One need look no further than contemporary Christian music to see this all too clearly. As a major fan of several of Christian contemporary music’s pioneers, I was perplexed as to why artists like Phil Keaggy and Michael Card saw less and less radio play time and lost record deals. As one of the best guitarists of our time and one of the most theologically astute lyricists, they respectively serve as case studies of how beauty and depth can be of more value than sales. An industry that is modeled essentially like its secular counterpart raises concerns. Can artists produce theologically robust, musically diverse, and intellectually engaging music—even if it might not top the charts on Christian radio? Followers of Christ should seek a kingdom-based paradigm of advancement not focused on finances, but on Christ.

Idolatry

I must confess that I was a John Piper fanboy. Piper is a prominent Reformed pastor, author, and leader who publishes and speaks regularly. I didn’t go quite as far as having his picture as my desktop background, but I’ve seen it done. Emulating mannerisms, integrating quotes, giving away books, attending conferences, and rigidly following the pattern of ministry espoused by your own favorite author and speaker just might be an indication that your spiritual life is imbalanced. If we rely more upon what those in ministry say about what the Word of God teaches than we do our own wrestling with the text, then despite our affirmation of Scripture alone we actually live by Scripture plus favorite pastor. Followers of Christ should seek a Kingdom-based power of influence not focused on celebrity, but on Christ.

Pseudo-Success

Revenue, television appearances, and conference plenary sessions are not ultimate measures of ministry success even though they can be easily measured.
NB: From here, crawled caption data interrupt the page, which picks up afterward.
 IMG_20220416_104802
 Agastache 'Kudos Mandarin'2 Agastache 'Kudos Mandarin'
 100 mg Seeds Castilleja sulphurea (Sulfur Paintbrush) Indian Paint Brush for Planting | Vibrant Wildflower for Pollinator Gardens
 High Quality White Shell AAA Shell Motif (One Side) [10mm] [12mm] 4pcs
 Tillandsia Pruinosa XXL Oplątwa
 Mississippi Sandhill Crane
The more important metric is the proclamation of the Gospel, simple acts of kindness extended in love towards neighbors, and acting as light and salt in a world of darkness and decay. Modern conceptions of ministry success would deem Jesus’ ministry a failure. The pattern of John 6 indicates a counter-intuitive paradigm from what we’ve come to know and practice. The crowds flocked to Jesus the multiplier of loaves and fishes, but went away in droves from Jesus the preacher of eating flesh and drinking blood. All the church growth strategists would cringe at Jesus’ message and simplicity of method. I suspect Christ would cringe at ours. Followers of Christ should seek a kingdom-based pattern of ministry not focused on fame, but on Christ.

All this is quite ironic as evangelicalism at large is far from well-received in our culture. Yet all the factions have their own platforms, stages, and celebrities. Is there much to learn from the people of God who have studied, experienced God’s grace in ministry, and used their gifts for the building of the church?

Absolutely.

But how much more from Christ, his word, and his Gospel!